Come summer, smack in the middle of the busiest driving season, U.S. gasoline prices will be outrageously high from their recent outrageously low levels. The motoring public got spoiled with those 80 and 90-cent per gallon bargains. But the proud owners of Goliath motoring machines like the Ford Expedition and Lincoln Navigator had to have known the inefficient gas mileage of their palatial four-wheelers would catch up with their pocketbook eventually.

With gas prices expected to surge toward the $2 psychological barrier - perhaps breaking through it in places like California - even Americans riding the crest of a robust economy are grumbling about being taken for a ride at the gas pumps. Customers have no leverage; they have to pay whatever it takes to fill their tanks.

Forget comparison gas shopping or barely coasting on fumes into a station with significantly cheaper gas.
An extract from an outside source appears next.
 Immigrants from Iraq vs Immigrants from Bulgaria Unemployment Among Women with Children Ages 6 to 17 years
Gasoline sticker shock will be everywhere, on every corner from BP to Sunoco to Speedway and myriad petroleum oases in between.

If a gallon of gasoline selling at $1.50 depresses you, just wait. Add at least 20 cents or more to a gallon by May. The Energy Department says even if the oil exporting countries decide to boost production in the next couple of weeks to ease a worldwide shortage, the move would be too late to stop U.S. gas prices from soaring.
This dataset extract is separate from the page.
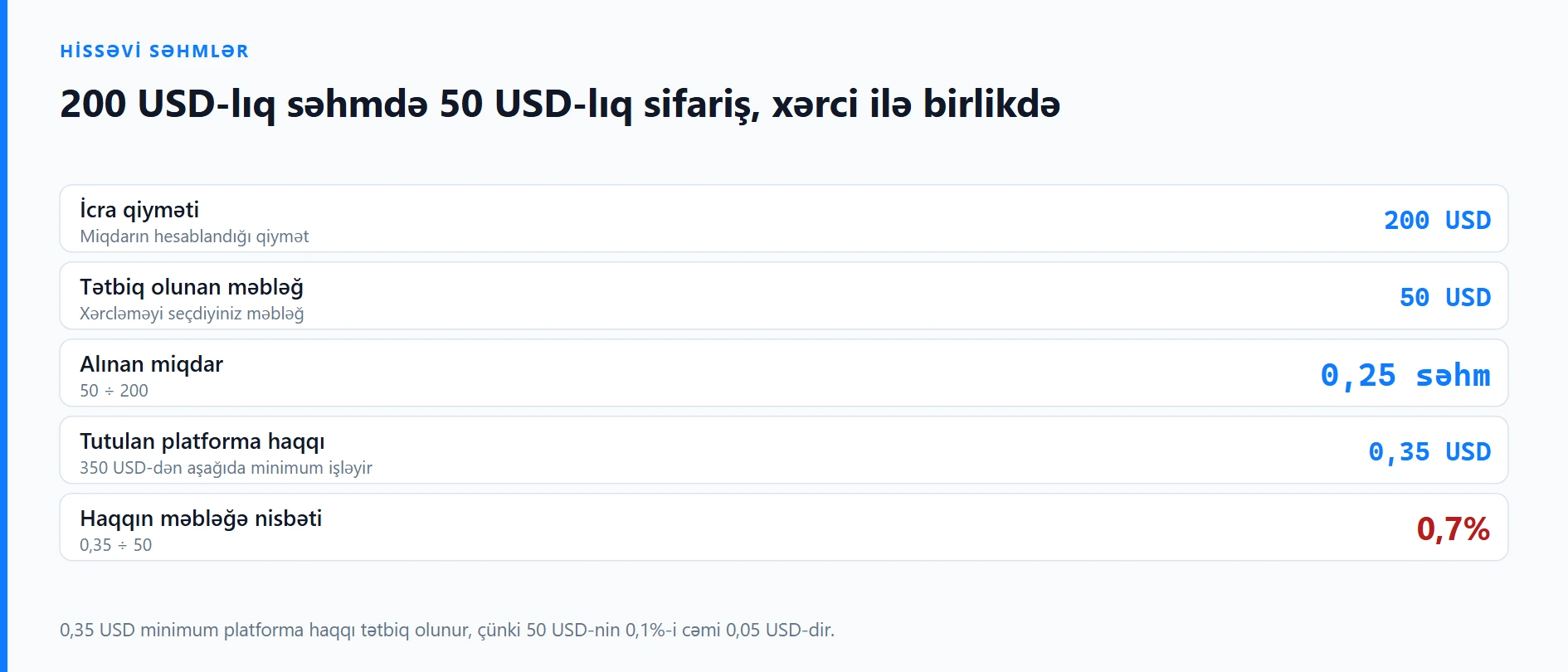 Binance hissəvi səhmlər: dividend və səhm bölünməsi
Adding to the fear of costly fill-ups is the department's observation that U.S. gasoline stocks are "alarmingly low." If supplies get too tight, drivers could be queuing up for gas the way they did during the oil embargo of the 1970s. Then, as now, national attention focuses on the worrisome short term, instead of the more troubling long term that makes us beholden to members of the Organization of Petroleum Exporting Countries.

We are so dependent on their oil we spent billions on their behalf waging the Gulf war and digging in indefinitely to defend their oil fields from outside threats. The least OPEC could do was give us a lifetime guarantee of cheap gas in return, but noooooooooo. We have been reduced to the diplomatic indignity of pleading with OPEC to pump more oil before high demand and low gasoline inventories play havoc with the U.S. economy.
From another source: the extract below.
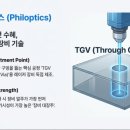 필옵틱스3공장 이미지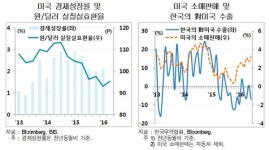 현대硏 하반기 수출, 탄력적 성장 아닌 완만한 회복세 그칠 전망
Be glad you don't live in the Northeast, where folks will barely recover from exorbitant heating oil costs to shoulder exorbitant gasoline prices. Always at such times of national distress over sporadic hikes in gas prices, there are a few lone voices in the country chastising the government for allowing itself to be put in such a predicament.

These are the same voices that have prodded lawmakers time and time again to formulate a cohesive, far-reaching energy policy that would protect Americans from the whims of foreign oil suppliers by enabling them to provide their own energy needs. But politicians know the nation would rather take the cheap and easy way out of satisfying its energy resources by relying on imported oil, even if that means occasionally paying a high price for such dependence.

Perhaps the price for a gallon of gas hasn't risen high enough yet for the nation to willingly invest in the initial expense of developing an energy policy that could wean the country off OPEC's pipeline.

So complain to poor Junior collecting your money at the gas pumps, but expect more of the same as long as the country drifts into the future without any serious blueprint for a self-sustaining, workable energy plan.

Marilou Johanek is a Blade editorial writer.